Of course MPs could have spoken out about the Afghan leak

Telegraph17-07-2025
'Parliamentary privilege' is the collection of rights enjoyed by MPs and peers which allow them to carry out their role as legislators and scrutineers of government. One of the most important aspects of privilege is freedom of speech: simply put, MPs cannot face legal action as a result of anything they say as part of parliamentary proceedings.
This protection stems from the Bill of Rights 1688, one of the foundational texts of Britain's constitutional arrangements. Article IX says:
'That the Freedome of Speech and Debates or Proceedings in Parlyament ought not to be impeached or questioned in any Court or Place out of Parlyament.'
This is a broad protection, and it is absolute.
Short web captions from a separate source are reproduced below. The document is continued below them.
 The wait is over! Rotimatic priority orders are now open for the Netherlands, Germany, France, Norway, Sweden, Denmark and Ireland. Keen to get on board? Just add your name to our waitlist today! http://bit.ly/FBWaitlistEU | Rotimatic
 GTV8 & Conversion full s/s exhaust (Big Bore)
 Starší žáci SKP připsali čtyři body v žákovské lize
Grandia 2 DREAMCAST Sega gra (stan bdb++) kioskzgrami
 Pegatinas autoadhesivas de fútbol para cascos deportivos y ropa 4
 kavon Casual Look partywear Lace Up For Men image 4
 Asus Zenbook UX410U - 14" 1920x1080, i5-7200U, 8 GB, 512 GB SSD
Yet Robert Jenrick, the shadow justice secretary, and former home secretary Suella Braverman seem to be saying that they opposed the super-injunction which kept a two-year veil of secrecy over the Ministry of Defence's recently revealed Afghan data loss. They would have spoken out against it, but could have been prosecuted, so Jenrick says, under the Official Secrets Act 1989.
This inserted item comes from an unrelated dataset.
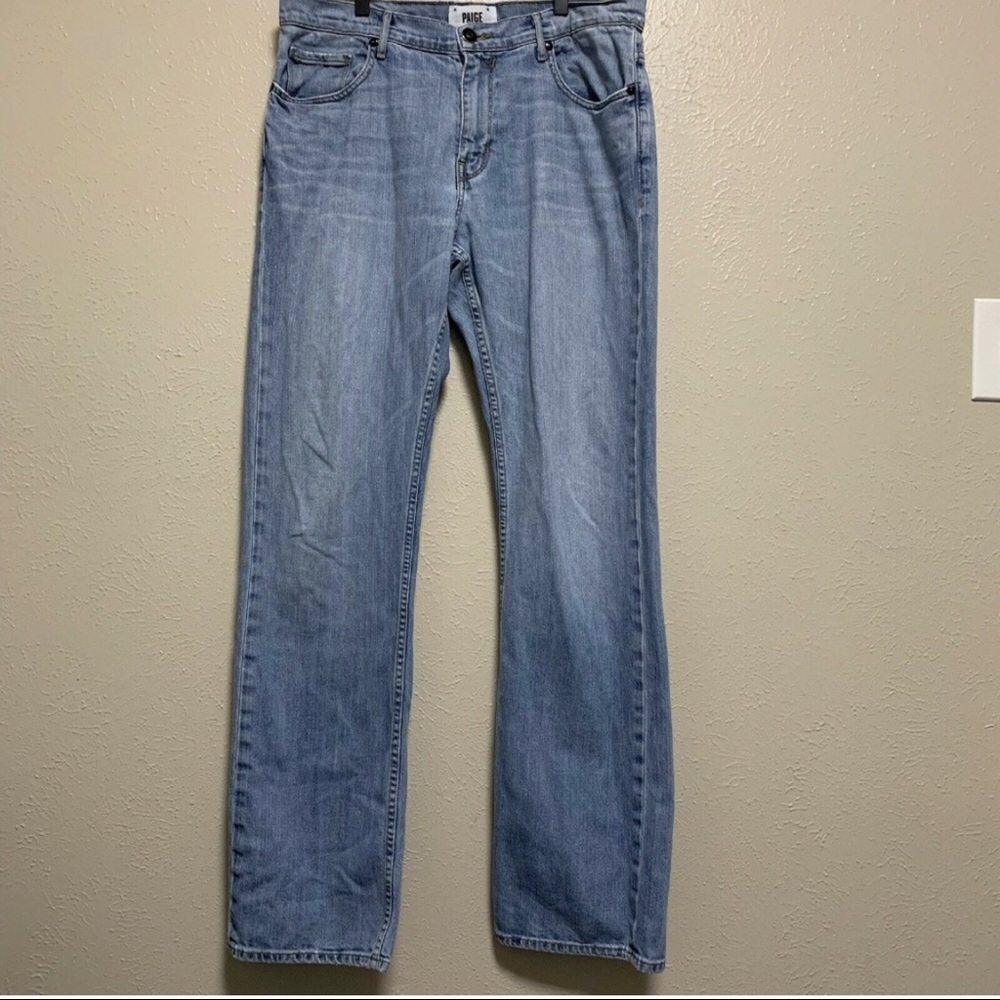 Paige Jeans Size 36 waist x 33 inseam.
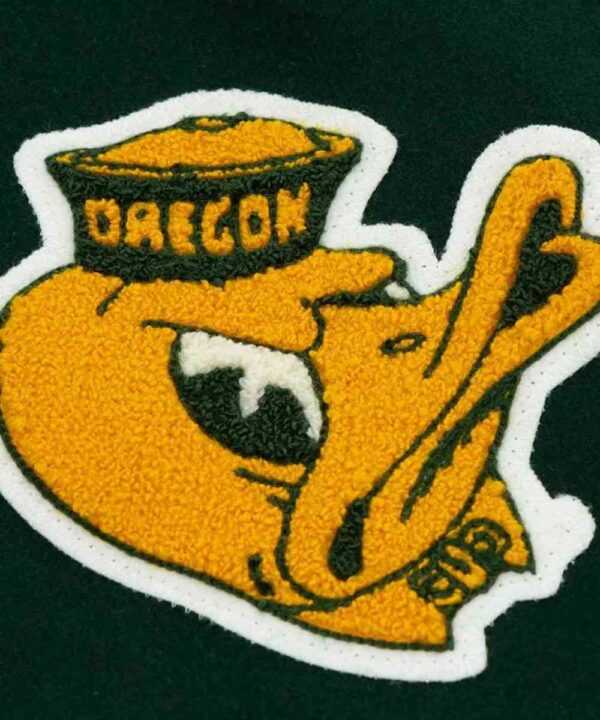 1967 University of Oregon Varsity Jacket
It is hard to see how this can be true. So long as they had expressed their concerns as part of 'proceedings in Parliament', for example in the chamber of the House of Commons, they would have been protected by parliamentary privilege.
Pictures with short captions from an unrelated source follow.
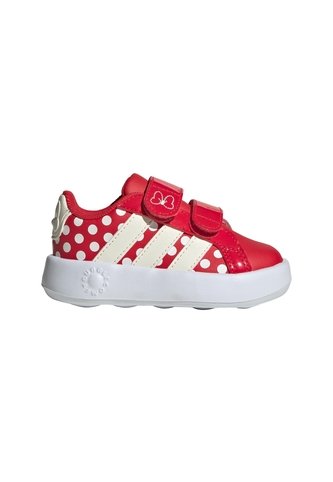 Tenis Blanco Adidas Grand Court Disney Minnie Mouse Bebé Rojo adidas Performance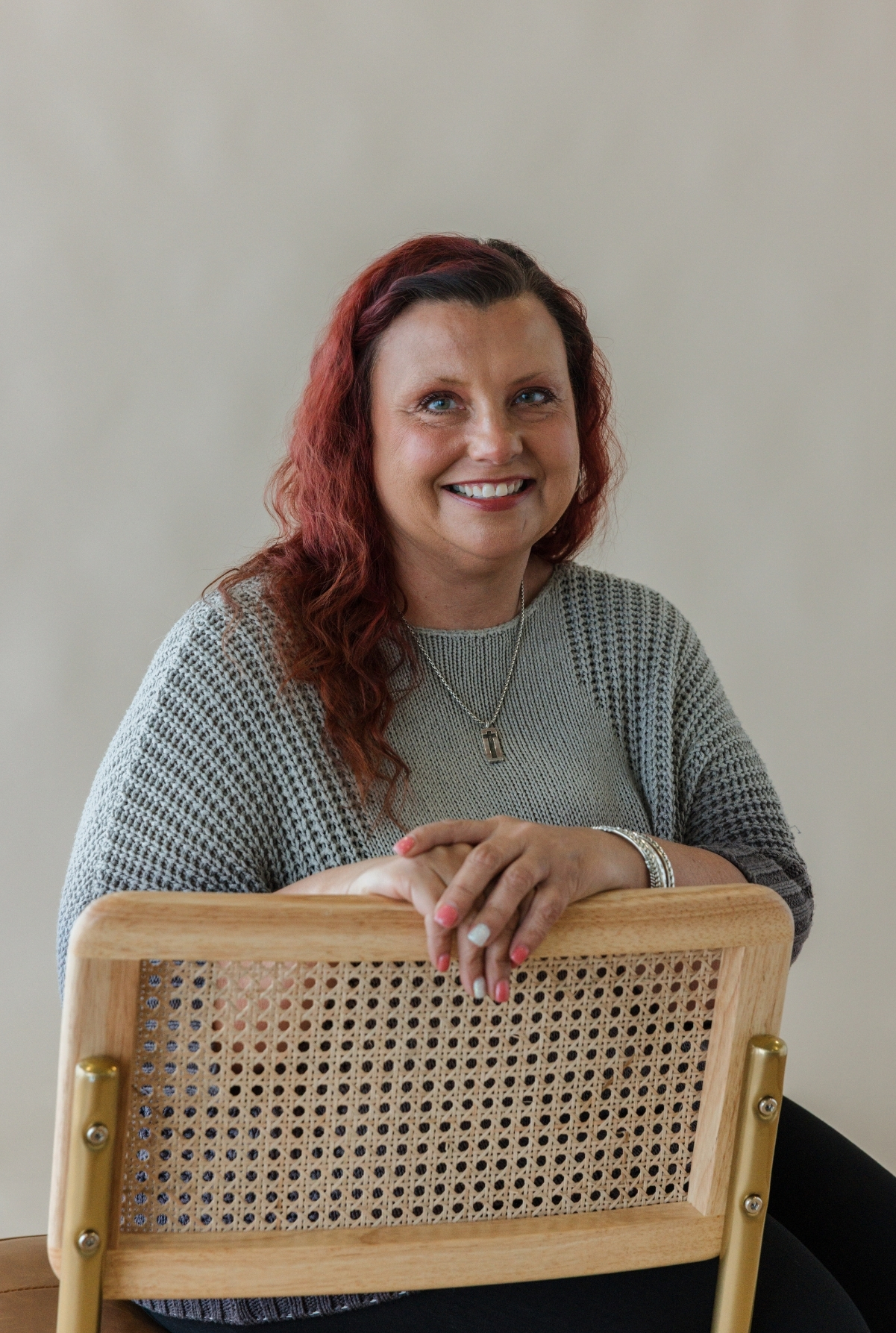 Staff member Deanna Hacker
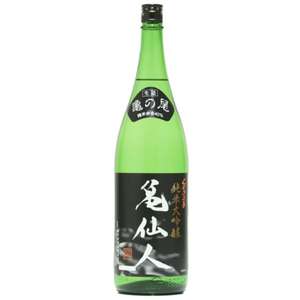 【清酒】くどき上手 清酒 Sake推薦：龜之井酒造 くどき上手 純米大吟釀 龜仙人 生詰 1.8L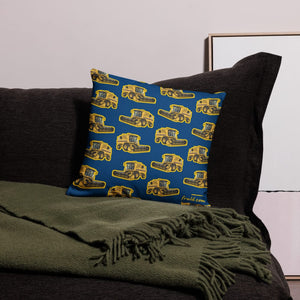 Furrow & Fields Pillow Case New Holland TR 89 Pillow Case – Blue Quality Farmers Merch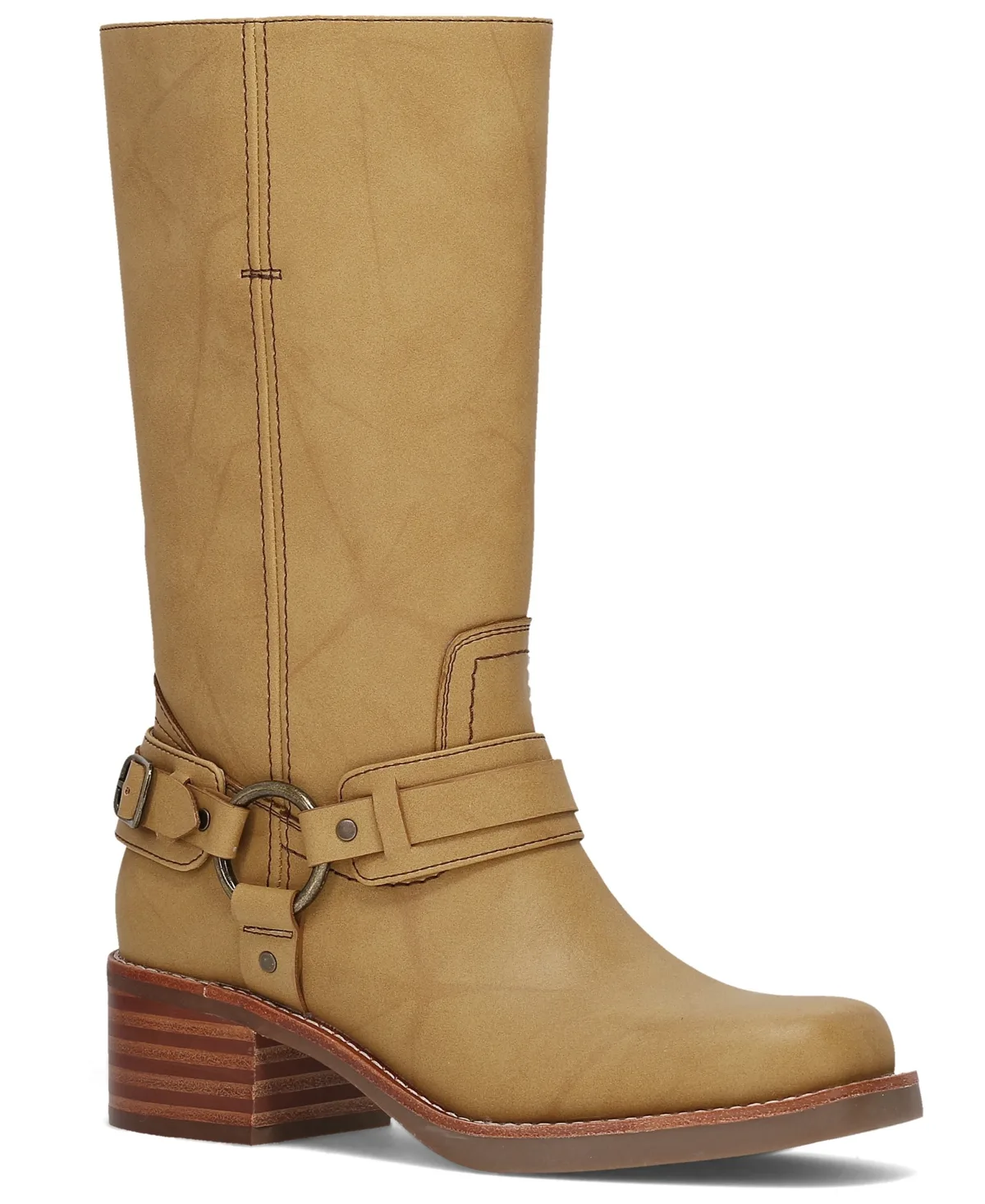 Miranda Harness in Pull-On Mid Shaft Boots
In this respect, there is nothing 'special' about the Official Secrets Act, nothing within the legislation which gives it a particular status which overrides privilege. A select committee concluded in 1939 that Duncan Sandys, the young Conservative Member for Norwood, would not have been liable under the Official Secrets Act for disclosing classified information he had received about anti-aircraft weapons if he had done so in a parliamentary setting (the 'Sandys case'). Privilege would have protected him from prosecution.
This position was upheld by the Committee of Privileges in 1987, and by the Joint Committee on Parliamentary Privilege in 1999, which concluded 'We recommend no action should be taken to limit freedom of speech in respect of breaches of the Official Secrets Acts in the course of proceedings in Parliament'. In evidence to the joint committee, the then-attorney general, John Morris, supplied a memorandum to which he attached a note written by his predecessor, Sir Donald Somervell, in 1939 in relation to the Sandys case.
'I would respectfully agree with his conclusion… that a statement by a Member in the course of debate or proceedings in Parliament, which would otherwise amount to an unlawful disclosure under the Official Secrets Acts 1911 and 1920, could not be made the subject of proceedings in the courts. The same must be true… for the Official Secrets Act 1989.'
The existence of a super-injunction does not affect the situation either. In 2011, the Liberal Democrat MP John Hemming violated a super-injunction which footballer Ryan Giggs had been granted to conceal an extra-marital affair with his brother's wife. Questioning the then-Attorney General, Dominic Grieve, on privacy injunctions, Hemming said:
'With about 75,000 people having named Ryan Giggs on Twitter, it is obviously impracticable to imprison them all…'
The Speaker, John Bercow, reminded him that the question was on the principle of these instruments, but Hemming faced no legal or disciplinary sanction – he was protected by parliamentary privilege.
The principle is very clear and well-established: MPs cannot be subject to civil or criminal proceedings on the basis of what they say in Parliament. That is what Article IX is for. If Jenrick or Braverman have received contrary advice, we need to know that, because it would strike at a basic constitutional principle. If they have not, they should explain why they are mistakenly claiming that they were effectively gagged.